Consumption Yesterday we received the May 2013 data on euro area real retail sales, of which the quarterly growth pattern (after revisions, which is very important because this index is heavily revised) has a 70% correlation with euro area real private consumption. A simple bivariate regression predicts that real consumption will grow 0.3% in the second quarter of 2013, holding all else equal and provided the level of real retail sales does not change in June. This would be a material increase from its meager 0.04% contribution to real GDP growth in Q1.

Gross Fixed Capital Formation The other part of private domestic demand is gross fixed capital formation (GFCF, or investment less inventory build). There is no real monthly indicator that I know of to forecast quarterly GCFC growth, so I look at the industrial confidence index released by the DG ECFIN (which aggregates various local statistical agency surveys).
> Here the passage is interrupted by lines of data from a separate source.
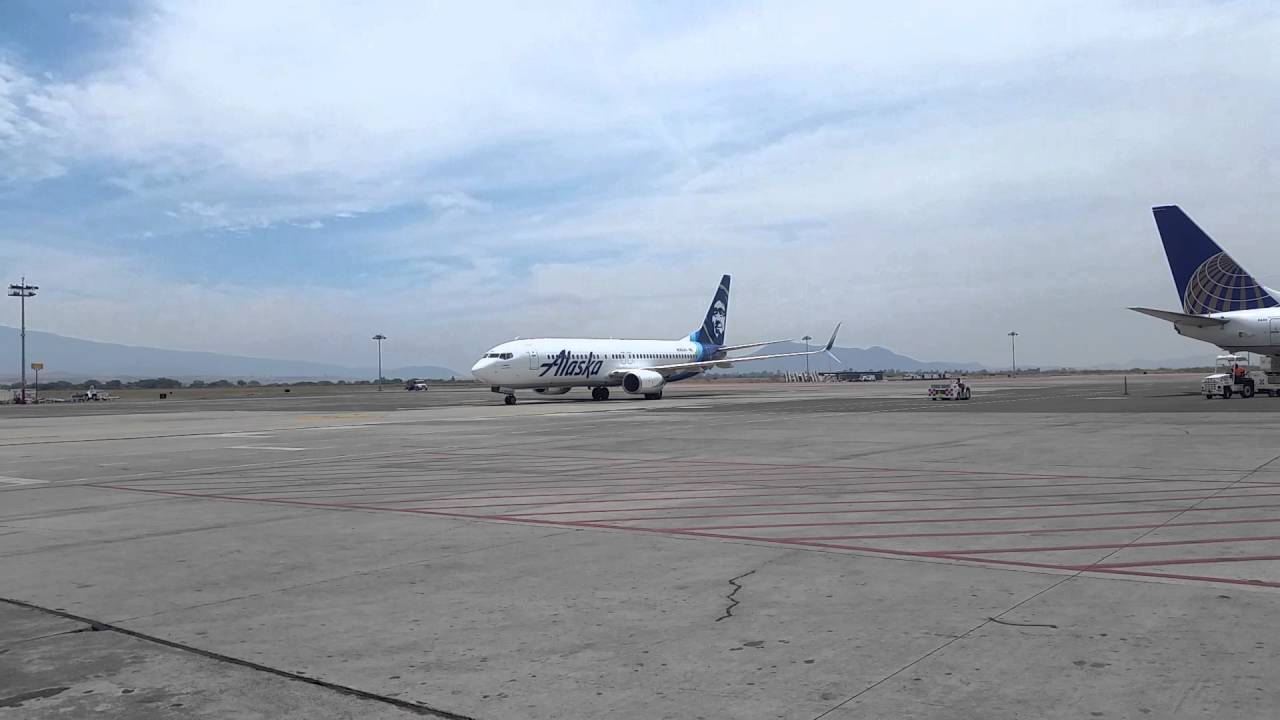 Alaska Airlines "New Livery" Aeropuerto de Guadalajara YouTube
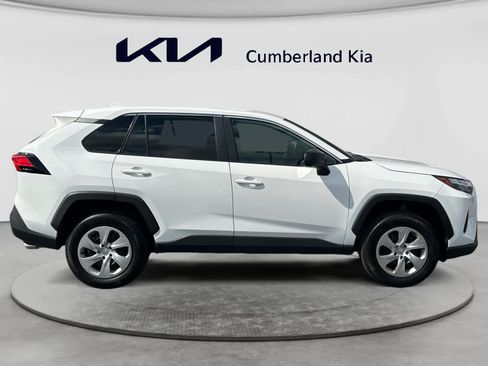 Used 2025 Toyota RAV4 LE AWD/4WD image 6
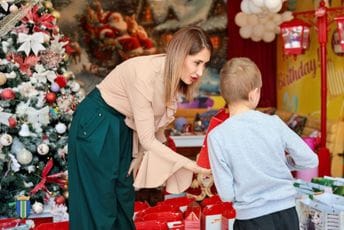 Opština Bar: Uručeni paketići za djecu bez roditeljskog staranja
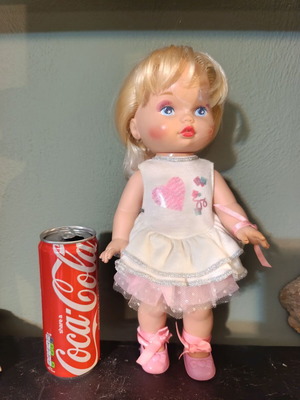Mattel Li'l Miss Makeup doll used with functional color change 1988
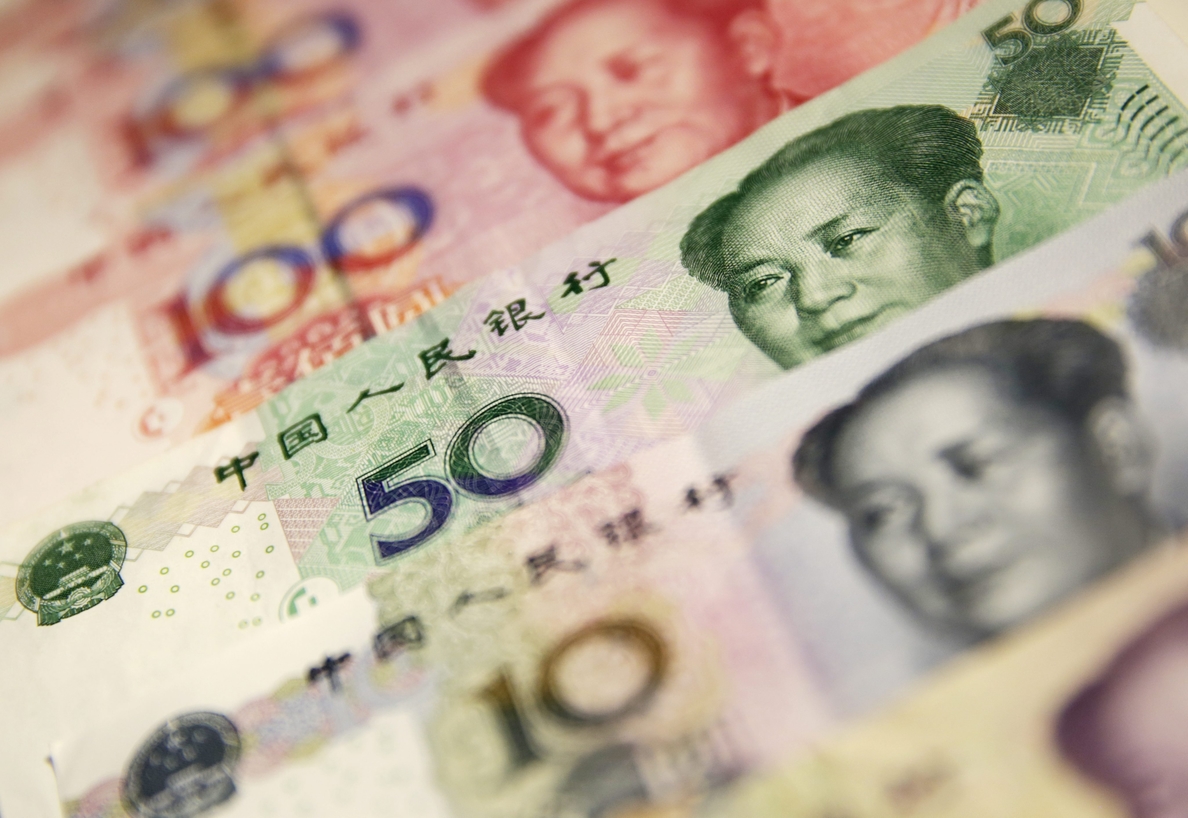 China critica la rebaja de S&P de la calificación de su deuda soberana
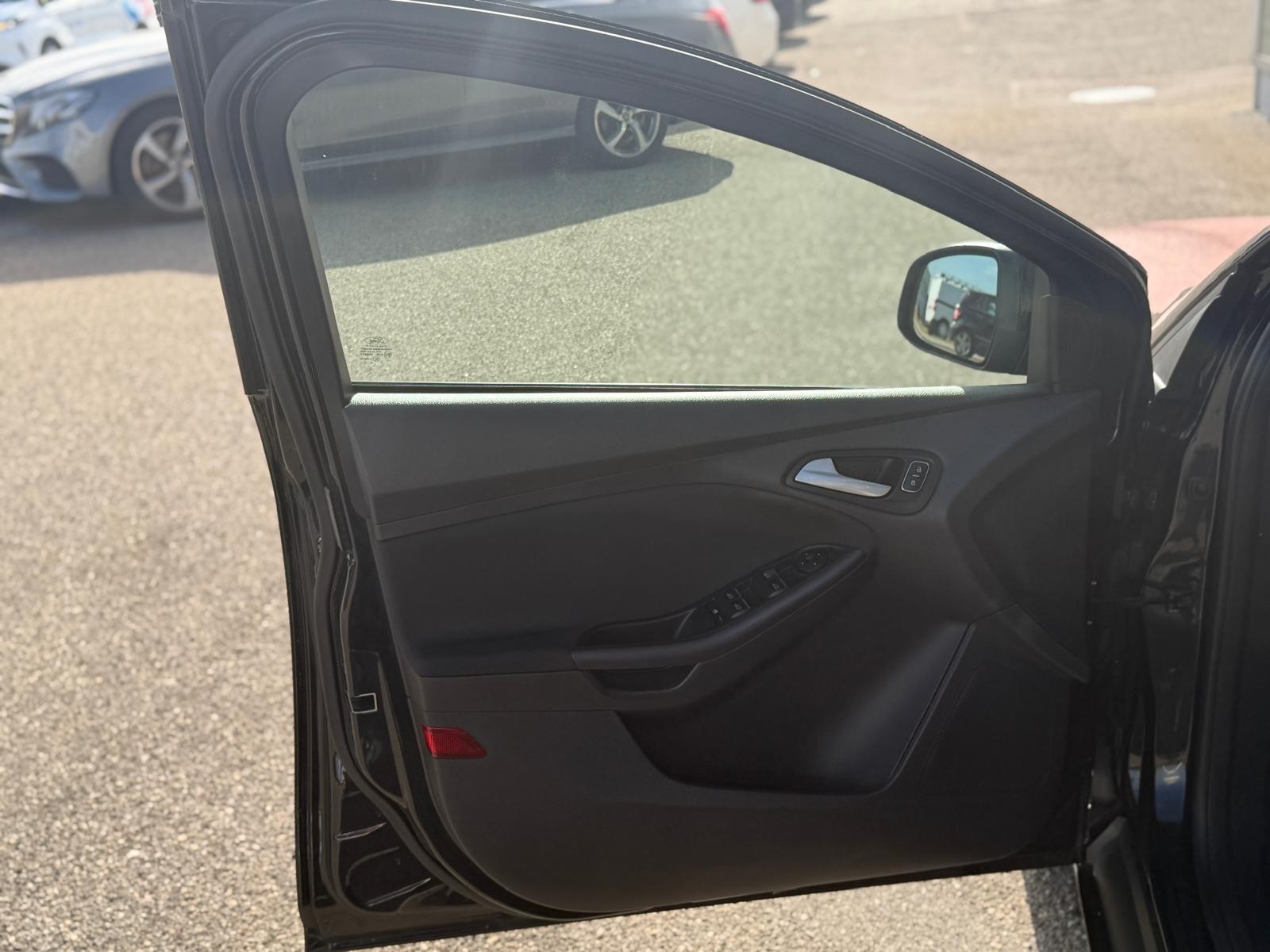 FORD Focus 1.5 SCTi Titanium-image-6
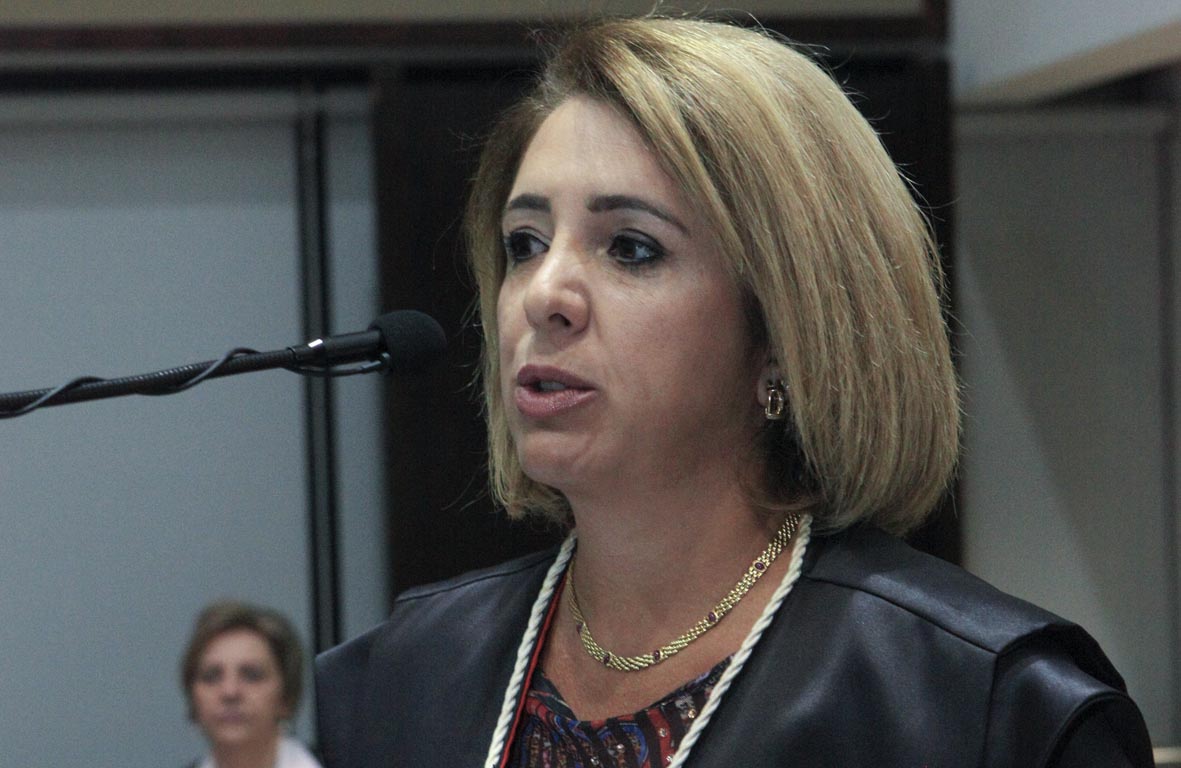 Nilce Regina Lima assume interinamente a presidência da AMAPAR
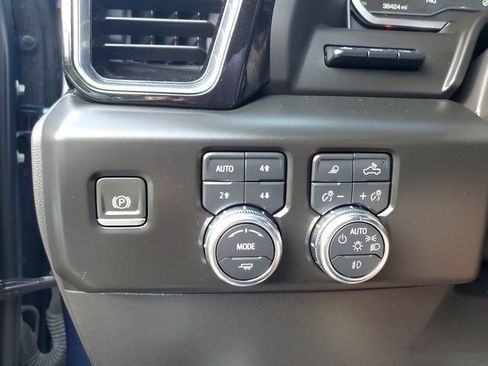 Used 2023 GMC Sierra 1500 Denali w/ Technology Package AWD/4WD image 30
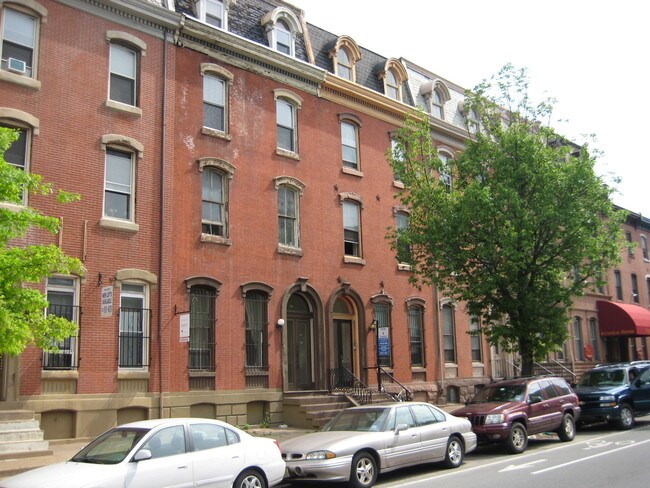 Building Photo - 1929 Spring Garden St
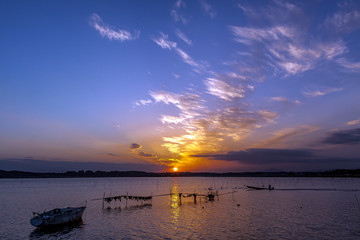 小舟が行く涸沼の夕景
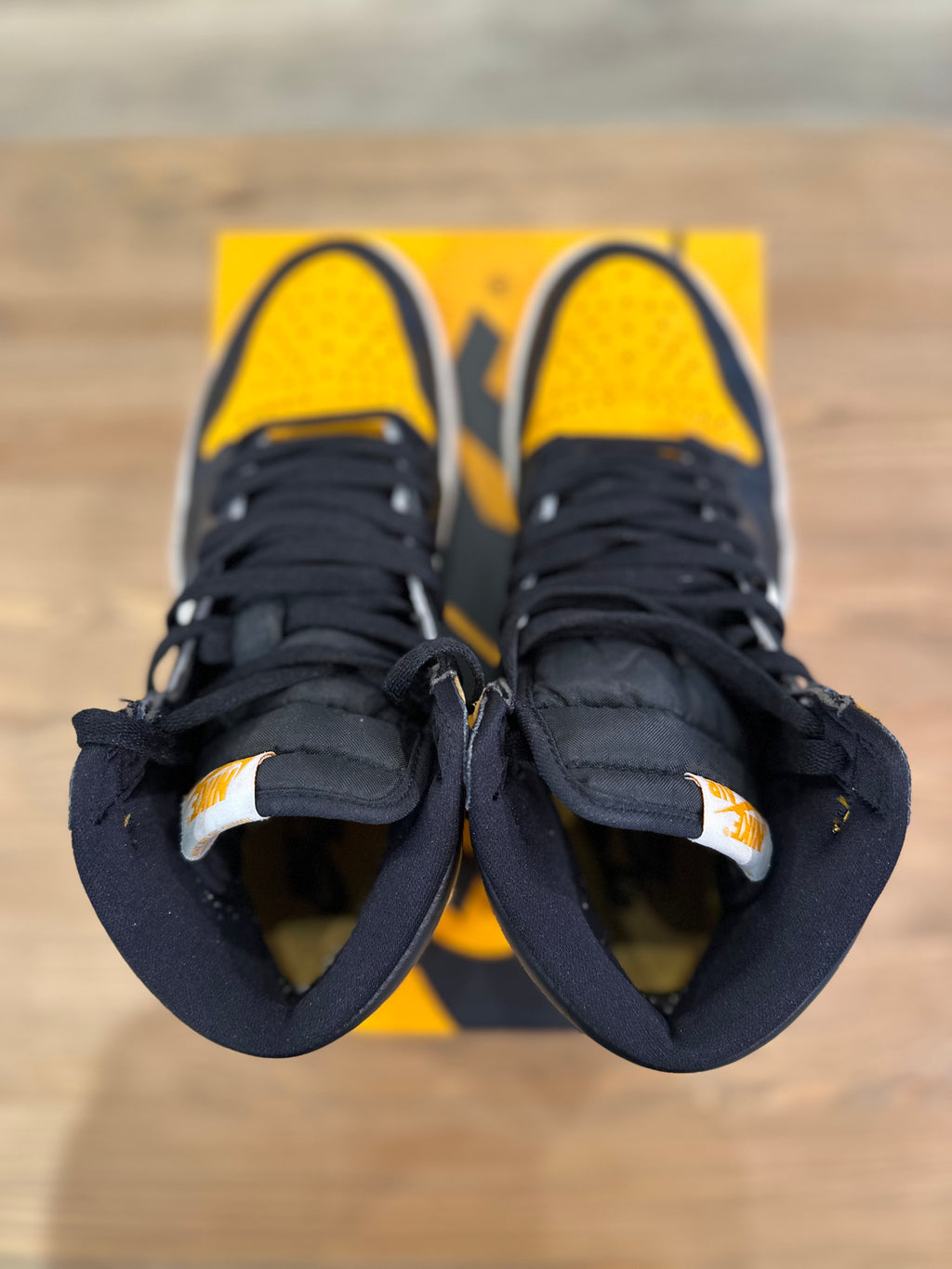 Nike Jordan 1 high taxi ( taille 42,5 )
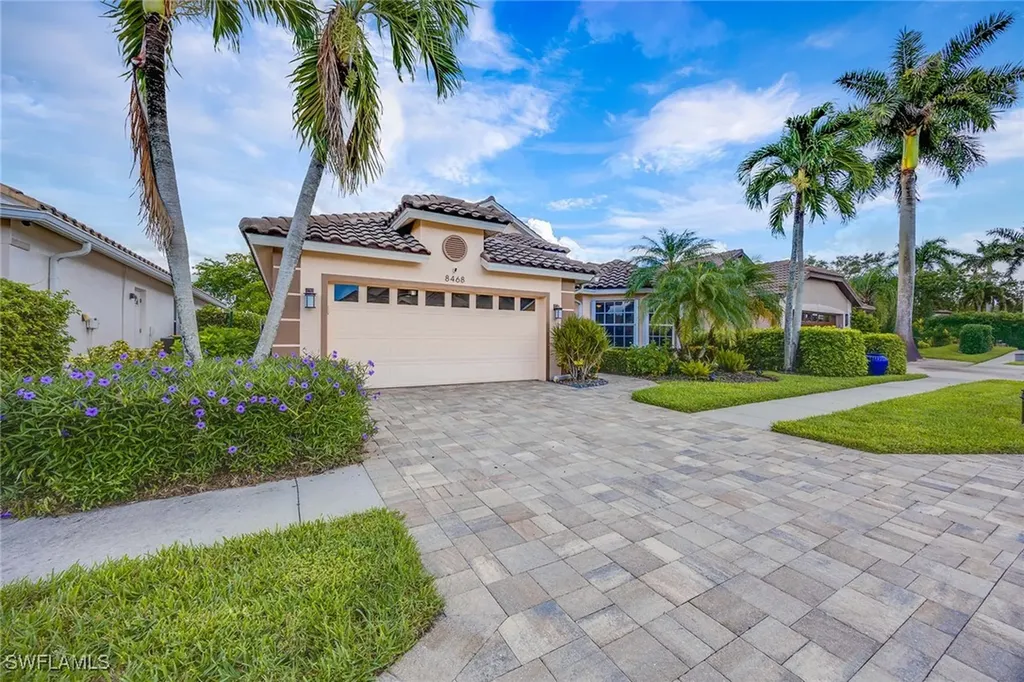 8468 Indian Wells Way Naples FL 34113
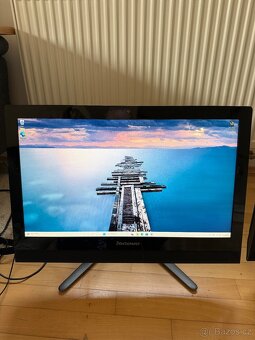 P: 2x Lenovo AIO C40-30 All in One 21,5" - 2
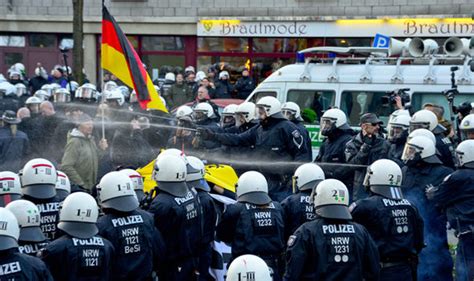 Cologne Police And Politicians Could Face Charges Over Nye Migrant Sex
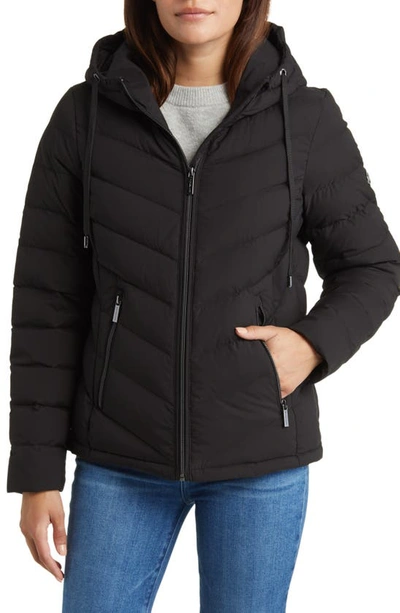 Michael Michael Kors Packable 650 Fill Power Down Puffer Jacket In ...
Euro area industrial confidence has a 70% correlation with GFCF growth, where a simple bivariate regression predicts that GFCF will contract at an 0.8% pace in Q2 2013. This is less than half the rate of contraction seen in Q1 2013.

Amid an expected increase in real consumption, I’d say that there’s some scope for a slower pace of decline for GDP in Q2 2013 and a slightly healthier composition of growth contributions. However, as a sticking point real retail sales are heavily revised and global liquidity conditions are tightening, making consumption growth anything but assured.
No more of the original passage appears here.